The meiotic program has undergone considerable changes in the Candida lineage. The transcription factor gene IME1, the major regulator of meiosis in S. cerevisiae, is absent, yet the three established sexual species (C. lusitaniae, C. guilliermondii and D. hansenii) can undergo meiosis without it [1, 17]. C. albicans strains undergo efficient mating between a and α forms [14, 15], yet completion of the sexual cycle occurs by a parasexual mechanism of random chromosome loss rather than conventional meiosis ([19] and references therein). On the basis of genomic evidence, C. albicans either has a cryptic meiotic program that has yet to be identified, or conserved 'meiosis-specific' genes have been reprogrammed to function in the parasexual cycle [1]. C. guilliermondii and C. lusitaniae have also lost multiple components of the meiotic machinery. These include parts of the synaptonemal complex (Hop1, Red1, Mek1, Zip1 and Zip2), together with the Dmc1-dependent pathway of meiotic recombination, and the crossover-formation pathway mediated by the MutS homologs Msh4/Msh5. These findings indicate that meiosis in Candida is fundamentally distinct from that in the model hemiascomycete, S. cerevisiae, in terms of both its regulation and its molecular apparatus. At least the role of Spo11 in directing DNA double-strand breaks appears to be conserved in Candida, as this protein mediates meiotic recombination in C. lusitaniae [17] as well as parasexual recombination in C. albicans [19].

Finally, two Candida species, C. parapsilosis and C. tropicalis, were found to contain intact pheromone signaling transduction pathways by genomic analysis but have never been observed to mate ([18] and references therein).
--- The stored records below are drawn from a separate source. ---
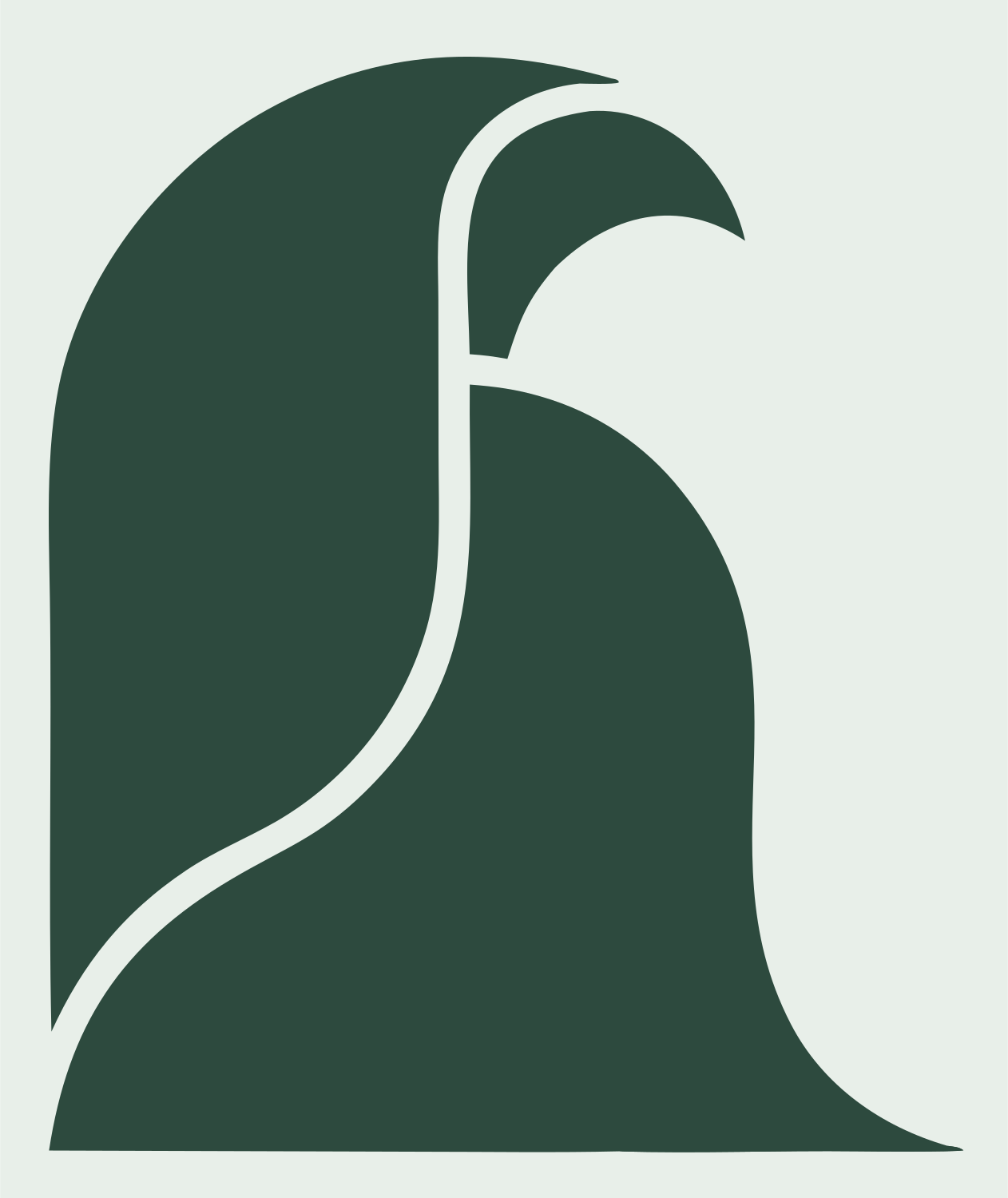 Hooded Falcon Bird Logo #e8efe9/#2d4a3e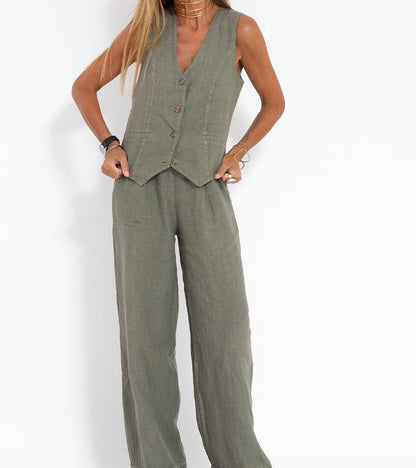 Inès | Ensemble Veste Boutonnée et Pantalon Large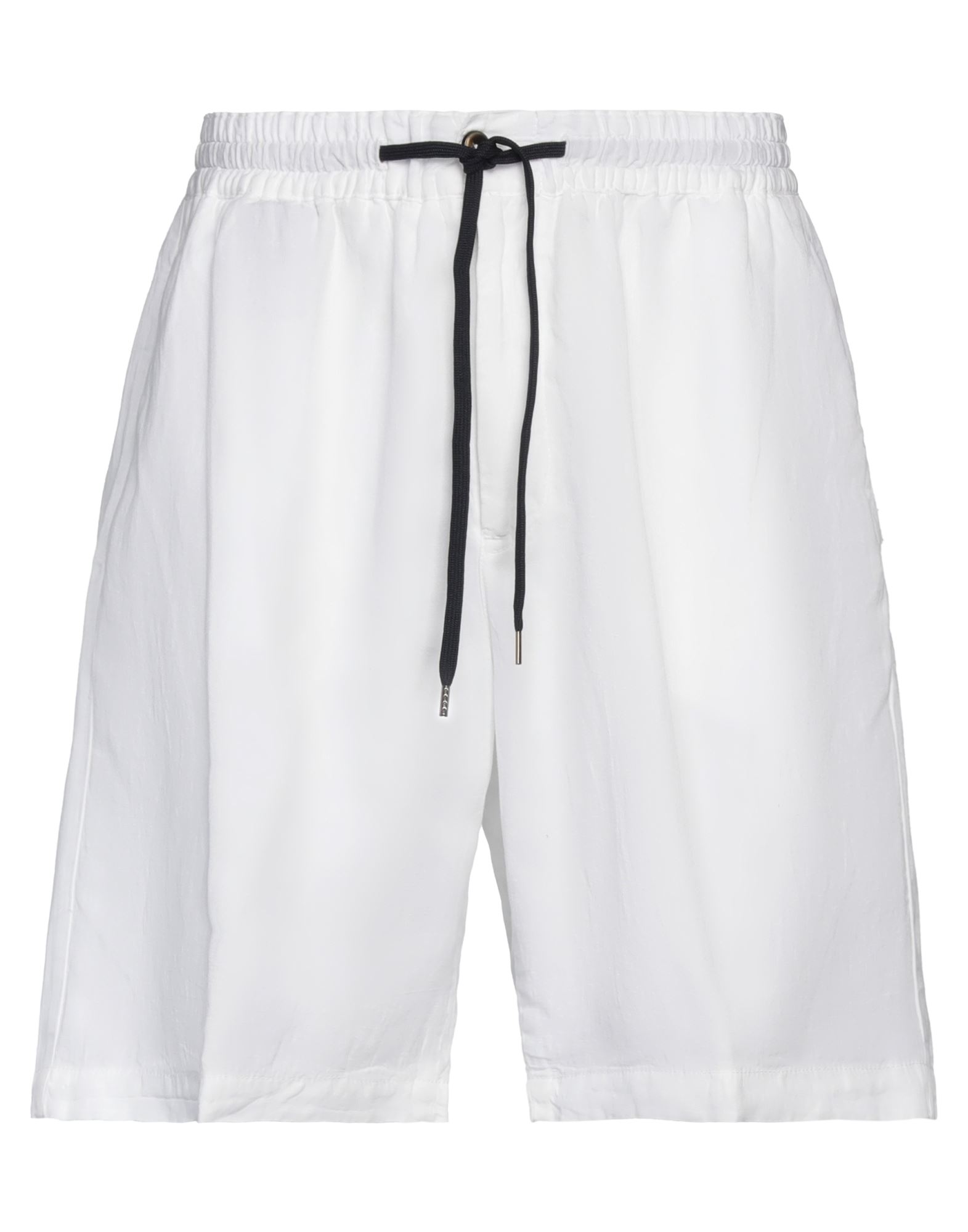 Pt Torino Man Shorts & Bermuda Shorts White Size 38 Lyocell, Linen, Cotton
Either these species recently lost the ability to undergo sexual reproduction (as evidenced by mutation of MTL a1 in C. parapsilosis [20]) or cryptic mating pathways have yet to be uncovered in these species.

The wealth of information provided by Butler et al. [1] has opened the door for comparative studies to further illuminate Candida biology. Already, multiple traits associated with Candida pathogenesis have been inferred, including expansion of gene families associated with colonization and infection, as well as species-specific features that make each Candida unique. In the latter case, it is particularly intriguing that mechanisms of mating and sexual reproduction have rapidly diverged between Candida species. Future studies will no doubt address how these differences evolved and what role they play in the lifestyles of these opportunistic yeast.